Here, Plaintiff alleges the following: that he suffers from partial hearing loss; that he has difficulty hearing without an assistive listening device; that Defendant operated a live entertainment venue at 2725 Hyperion Ave., Los Angeles, CA 90027 (the “Venue”); that Plaintiff patronized the Venue on or about March 26, 2019, and requested an assistive listening device but none was provided for him; that the Venue did not have any signage appraising Plaintiff of the availability of an assistive listening device; that as a result of being denied an assistive listening device, Plaintiff was unable to enjoy a live music performance; that live music performances are part of the “goods, services, facilities, privileges, advantages, and accommodations” provided for the “benefit, entertainment, use, and enjoyment of patrons;” and that Plaintiff was “excluded, denied services, segregated, and otherwise treated differently” due to the absence of auxiliary aids. (Compl., ¶¶ 2-5.)

Defendant argues that a discrimination claim must be based on a denial of services a public accommodation normally offers. (Dem., p. 6:17-20.) Relying on the Articles of Incorporation for Encino Market, Co., the Statement of Information describing it as a “retail grocery” business, and a print out of its webpage, Defendant argues that it is not in the live entertainment business, but rather in the grocery business. (Id. at p. 7:1-3.) However, as noted above, the Court denied judicial notice of the Articles of Incorporation, Defendant’s webpage, and Defendant’s Statement of Information. Even if the Court was permitted to take judicial notice of the Articles of Incorporation or Statement of Information, the Court would not be able to take judicial notice of any factual matters stated therein, i.e., that Defendant is in the retail grocery business. (See Poseidon Development, Inc. v. Woodland Lane Estates (2007) 152 Cal.App.4th 1106, 1117 [“[T]he fact that a court may take judicial notice of a recorded deed, or similar document, does not mean that it may take judicial notice of factual matters stated therein”].) Thus, the Court cannot make a finding as to the types of goods and services Defendant offers.

Defendant also argues that a discrimination claim based on the absence of auxiliary services “must allege that the auxiliary aids were necessary to ensure effective communication and the failure to provide those auxiliary aids resulted in a denial of service.” (Dem., p. 8:11-15.) It further argues that there must be a nexus between the goods and services normally offered by the business and the auxiliary aids in question. (Id.)

Here, Plaintiff alleges Defendant is a live entertainment venue. (See Compl., ¶ 3.) Because Defendant has not submitted any judicially noticeable matter that may permit the Court to conclude otherwise, the Court takes Plaintiff’s allegation as true. (Harris v.
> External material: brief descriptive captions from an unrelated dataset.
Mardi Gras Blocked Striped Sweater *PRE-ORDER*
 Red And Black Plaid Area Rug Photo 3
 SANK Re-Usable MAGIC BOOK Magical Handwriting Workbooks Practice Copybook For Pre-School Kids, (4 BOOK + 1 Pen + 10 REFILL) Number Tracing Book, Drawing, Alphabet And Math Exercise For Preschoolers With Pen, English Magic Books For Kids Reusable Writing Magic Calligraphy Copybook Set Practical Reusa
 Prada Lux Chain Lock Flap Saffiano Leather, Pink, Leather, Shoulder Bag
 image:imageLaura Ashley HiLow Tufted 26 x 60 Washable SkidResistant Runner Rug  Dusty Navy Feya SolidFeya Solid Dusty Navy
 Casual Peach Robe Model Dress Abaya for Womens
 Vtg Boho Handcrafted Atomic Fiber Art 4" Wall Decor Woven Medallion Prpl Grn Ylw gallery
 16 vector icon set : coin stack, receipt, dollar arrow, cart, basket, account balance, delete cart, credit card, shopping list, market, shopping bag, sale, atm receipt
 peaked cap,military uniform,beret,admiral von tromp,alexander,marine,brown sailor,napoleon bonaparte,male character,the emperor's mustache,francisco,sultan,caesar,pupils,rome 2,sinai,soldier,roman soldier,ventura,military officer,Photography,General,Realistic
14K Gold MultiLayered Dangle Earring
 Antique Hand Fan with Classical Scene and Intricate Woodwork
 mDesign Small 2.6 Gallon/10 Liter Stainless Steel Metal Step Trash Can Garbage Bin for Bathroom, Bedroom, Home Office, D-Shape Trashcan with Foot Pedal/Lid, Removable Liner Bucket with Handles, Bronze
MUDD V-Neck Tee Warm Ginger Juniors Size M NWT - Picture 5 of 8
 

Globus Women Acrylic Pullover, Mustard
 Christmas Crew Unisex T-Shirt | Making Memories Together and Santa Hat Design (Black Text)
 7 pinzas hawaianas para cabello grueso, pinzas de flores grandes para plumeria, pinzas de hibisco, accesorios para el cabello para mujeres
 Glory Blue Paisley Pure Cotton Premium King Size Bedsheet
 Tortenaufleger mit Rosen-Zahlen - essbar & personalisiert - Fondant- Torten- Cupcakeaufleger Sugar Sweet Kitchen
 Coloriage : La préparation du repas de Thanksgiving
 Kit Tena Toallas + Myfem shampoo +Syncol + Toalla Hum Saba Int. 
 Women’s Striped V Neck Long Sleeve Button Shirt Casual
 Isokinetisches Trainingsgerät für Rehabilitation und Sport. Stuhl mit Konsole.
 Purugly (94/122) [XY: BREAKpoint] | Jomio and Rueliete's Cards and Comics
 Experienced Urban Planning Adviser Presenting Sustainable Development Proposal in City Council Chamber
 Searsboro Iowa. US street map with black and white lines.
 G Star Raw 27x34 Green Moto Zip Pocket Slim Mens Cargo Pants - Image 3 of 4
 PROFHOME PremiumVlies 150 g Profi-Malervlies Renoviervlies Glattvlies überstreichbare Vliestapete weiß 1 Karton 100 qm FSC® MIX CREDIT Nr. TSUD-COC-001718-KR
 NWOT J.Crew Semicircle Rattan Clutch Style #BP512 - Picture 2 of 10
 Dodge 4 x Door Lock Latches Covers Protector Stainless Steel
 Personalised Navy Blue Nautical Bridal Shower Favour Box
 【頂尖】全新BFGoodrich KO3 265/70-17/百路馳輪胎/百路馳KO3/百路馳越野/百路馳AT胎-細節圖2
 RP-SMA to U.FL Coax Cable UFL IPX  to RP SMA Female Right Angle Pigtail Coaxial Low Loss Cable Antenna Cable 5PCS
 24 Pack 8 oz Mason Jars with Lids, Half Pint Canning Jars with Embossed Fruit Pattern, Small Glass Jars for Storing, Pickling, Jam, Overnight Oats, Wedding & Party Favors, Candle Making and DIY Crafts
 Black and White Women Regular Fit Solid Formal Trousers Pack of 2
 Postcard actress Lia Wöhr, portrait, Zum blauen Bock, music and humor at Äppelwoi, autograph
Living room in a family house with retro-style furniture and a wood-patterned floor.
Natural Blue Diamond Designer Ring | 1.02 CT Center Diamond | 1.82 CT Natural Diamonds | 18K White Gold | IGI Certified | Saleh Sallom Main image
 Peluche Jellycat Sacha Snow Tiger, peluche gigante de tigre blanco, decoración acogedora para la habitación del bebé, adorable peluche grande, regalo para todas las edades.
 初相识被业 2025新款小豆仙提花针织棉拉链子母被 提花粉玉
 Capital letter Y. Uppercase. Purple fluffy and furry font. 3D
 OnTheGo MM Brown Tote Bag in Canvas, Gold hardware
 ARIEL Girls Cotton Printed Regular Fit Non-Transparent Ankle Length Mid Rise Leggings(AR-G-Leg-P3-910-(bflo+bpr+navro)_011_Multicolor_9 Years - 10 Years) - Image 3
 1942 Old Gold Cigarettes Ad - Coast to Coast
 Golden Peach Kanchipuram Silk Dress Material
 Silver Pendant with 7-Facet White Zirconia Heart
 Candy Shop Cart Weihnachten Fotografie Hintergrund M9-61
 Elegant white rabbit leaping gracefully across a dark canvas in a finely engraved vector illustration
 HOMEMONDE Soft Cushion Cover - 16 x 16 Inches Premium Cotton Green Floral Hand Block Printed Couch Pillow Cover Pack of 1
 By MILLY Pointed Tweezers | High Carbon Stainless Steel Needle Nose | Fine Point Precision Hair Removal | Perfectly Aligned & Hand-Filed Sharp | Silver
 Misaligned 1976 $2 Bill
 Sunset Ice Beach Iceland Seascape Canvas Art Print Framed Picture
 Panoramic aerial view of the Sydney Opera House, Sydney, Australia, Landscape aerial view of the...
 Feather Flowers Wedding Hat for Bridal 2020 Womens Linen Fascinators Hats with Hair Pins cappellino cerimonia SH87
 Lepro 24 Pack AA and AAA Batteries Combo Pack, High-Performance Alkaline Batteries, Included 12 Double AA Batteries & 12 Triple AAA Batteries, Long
City of Santa Monica, supra, 56 Cal.4th p. 240.) An auxiliary device for the enjoyment of a live musical performance is directly related to the types of goods and services, i.e., live entertainment, Plaintiff alleges Defendant provides. Indeed, “one is denied full and equal enjoyment of goods, services, and the like when, due to a disability and the lack of auxiliary aids, there is an absence of effective communication relating to those good and services.” (Martinez v. California Pizza Kitchen, Inc. (2018) 30 Cal.App.5th Supp. 14, 21.) (Italics added.)

Thus, because Plaintiff alleges he has a disability, that Defendant’s facility is a place of public accommodation, and that he was denied full and equal treatment on a particular occasion, the Court finds he has properly stated a cause of action for violation of the Unruh Civil Rights Act. Accordingly, the Demurrer is OVERRULED.

  1. Conclusion & Order

For the foregoing reasons, Defendant Gelson’s Markets’ Demurrer to Plaintiff’s Complaint is OVERRULED.

Moving party is ordered to give notice.